Leider ist das Cover nicht sehr aussagekräftig geraten. Es zeigt nur eine blickdichte Hecke, dabei passiert so viel zwischen den Buchdeckeln, ohne dass eine Hecke eine sonderlich beeindruckende Rolle spielt.
Der Thriller „Der Nachbar“ von Sebastian Fitzek erzählt die Geschichte von Sarah, einer erfolgreichen Rechtsanwältin, deren Leben durch eine schockierende Erkenntnis aus der Bahn gerät: Ihr Ehemann entpuppt sich als Serienattentäter, der Säureanschläge auf Babys verübt. Nach dieser Enthüllung lässt sie sich von ihm scheiden und versucht, einen kompletten Neuanfang zu wagen. Sie zieht nach Berlin, um Abstand von ihrer Vergangenheit zu gewinnen und wieder Kontrolle über ihr Leben zu erlangen. Doch genau dort beginnt eine neue Bedrohung.

Sarah wird von einem geheimnisvollen Stalker verfolgt, der offenbar mehr über sie weiß, als möglich sein dürfte. Besonders beunruhigend ist, dass dieser Unbekannte beginnt, Sarahs heimliche Rachefantasien in die Tat umzusetzen. Gedanken, die nur in ihrem geheimen Tagebuch existieren, scheinen plötzlich Realität zu werden. Dadurch entsteht ein intensiver psychologischer Spannungsbogen, der den Leser ans Buch fesselt.
Fitzek gelingt es, durch überraschende Wendungen und kurze Kapitel einen starken Nervenkitzel zu erzeugen. Die Spannung bleibt über weite Strecken hoch.
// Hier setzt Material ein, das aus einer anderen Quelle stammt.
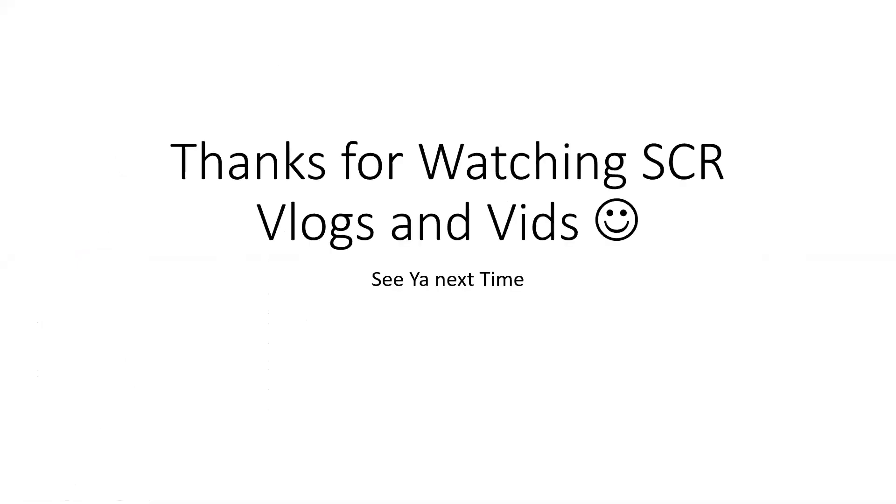Thanks for watching SCR Vids, Vlogs and Vids. See you next time, bye!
Man fragt sich immer wieder, wie alles zusammenhängt. Natürlich hat man als Leser einen Lieblingsverdächtigen, doch ziemlich oft erweist sich das als eine falsche Spur.
Bei näherer Betrachtung wirkt die Geschichte jedoch zunehmend unrealistisch. Einige Ereignisse erscheinen stark konstruiert, und bestimmte Handlungen der Figuren sind schwer nachvollziehbar. Auch die Umsetzung der Racheträume überschreitet teilweise die Grenze zur Unglaubwürdigkeit. Dennoch bleibt der Roman unterhaltsam und fesselnd, da Fitzek das Spiel mit Angst, Schuld und Vergeltung konsequent fortführt.

Insgesamt ist „Der Nachbar“ ein spannender Thriller mit hohem Tempo und überraschenden Momenten, der zwar logisch nicht in allen Punkten überzeugt, aber dennoch für Fans psychologischer Spannung sehr geeignet ist.
Simon Jäger liest die Hörbuchversion einfach genial ein.